▶ _What to work on_
Reproduce the lines of the listing exactly, beginning at the top, until the line with "Rhythm in the Clouds (1937) poster" has been reproduced too.
--------------------------------
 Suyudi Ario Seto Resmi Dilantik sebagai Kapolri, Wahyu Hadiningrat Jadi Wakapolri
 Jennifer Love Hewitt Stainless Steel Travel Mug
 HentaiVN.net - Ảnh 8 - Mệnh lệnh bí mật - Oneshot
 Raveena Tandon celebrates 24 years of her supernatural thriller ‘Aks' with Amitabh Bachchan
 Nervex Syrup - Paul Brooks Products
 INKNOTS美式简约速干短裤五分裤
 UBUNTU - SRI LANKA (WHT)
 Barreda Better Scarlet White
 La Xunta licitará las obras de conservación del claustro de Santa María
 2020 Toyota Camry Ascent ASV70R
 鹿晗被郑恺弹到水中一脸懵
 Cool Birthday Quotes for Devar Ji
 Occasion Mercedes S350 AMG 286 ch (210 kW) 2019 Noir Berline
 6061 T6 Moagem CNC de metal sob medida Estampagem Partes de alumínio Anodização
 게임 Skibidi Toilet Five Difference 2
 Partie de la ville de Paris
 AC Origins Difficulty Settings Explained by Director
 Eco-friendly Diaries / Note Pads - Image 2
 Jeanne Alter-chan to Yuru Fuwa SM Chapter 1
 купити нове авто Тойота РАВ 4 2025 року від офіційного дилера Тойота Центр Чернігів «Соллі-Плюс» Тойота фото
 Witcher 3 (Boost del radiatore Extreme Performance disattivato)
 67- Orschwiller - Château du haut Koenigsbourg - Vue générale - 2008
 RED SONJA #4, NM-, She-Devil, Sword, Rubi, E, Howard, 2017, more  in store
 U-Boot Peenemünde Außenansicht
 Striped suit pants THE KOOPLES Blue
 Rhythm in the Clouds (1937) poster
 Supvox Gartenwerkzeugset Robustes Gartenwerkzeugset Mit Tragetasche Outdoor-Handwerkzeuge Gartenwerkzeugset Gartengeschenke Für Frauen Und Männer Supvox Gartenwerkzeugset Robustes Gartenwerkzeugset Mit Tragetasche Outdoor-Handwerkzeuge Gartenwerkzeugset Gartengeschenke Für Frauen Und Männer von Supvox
--------------------------------
▶ _Reply to the exercise_
 Suyudi Ario Seto Resmi Dilantik sebagai Kapolri, Wahyu Hadiningrat Jadi Wakapolri
 Jennifer Love Hewitt Stainless Steel Travel Mug
 HentaiVN.net - Ảnh 8 - Mệnh lệnh bí mật - Oneshot
 Raveena Tandon celebrates 24 years of her supernatural thriller ‘Aks' with Amitabh Bachchan
 Nervex Syrup - Paul Brooks Products
 INKNOTS美式简约速干短裤五分裤
 UBUNTU - SRI LANKA (WHT)
 Barreda Better Scarlet White
 La Xunta licitará las obras de conservación del claustro de Santa María
 2020 Toyota Camry Ascent ASV70R
 鹿晗被郑恺弹到水中一脸懵
 Cool Birthday Quotes for Devar Ji
 Occasion Mercedes S350 AMG 286 ch (210 kW) 2019 Noir Berline
 6061 T6 Moagem CNC de metal sob medida Estampagem Partes de alumínio Anodização
 게임 Skibidi Toilet Five Difference 2
 Partie de la ville de Paris
 AC Origins Difficulty Settings Explained by Director
 Eco-friendly Diaries / Note Pads - Image 2
 Jeanne Alter-chan to Yuru Fuwa SM Chapter 1
 купити нове авто Тойота РАВ 4 2025 року від офіційного дилера Тойота Центр Чернігів «Соллі-Плюс» Тойота фото
 Witcher 3 (Boost del radiatore Extreme Performance disattivato)
 67- Orschwiller - Château du haut Koenigsbourg - Vue générale - 2008
 RED SONJA #4, NM-, She-Devil, Sword, Rubi, E, Howard, 2017, more  in store
 U-Boot Peenemünde Außenansicht
 Striped suit pants THE KOOPLES Blue
 Rhythm in the Clouds (1937) poster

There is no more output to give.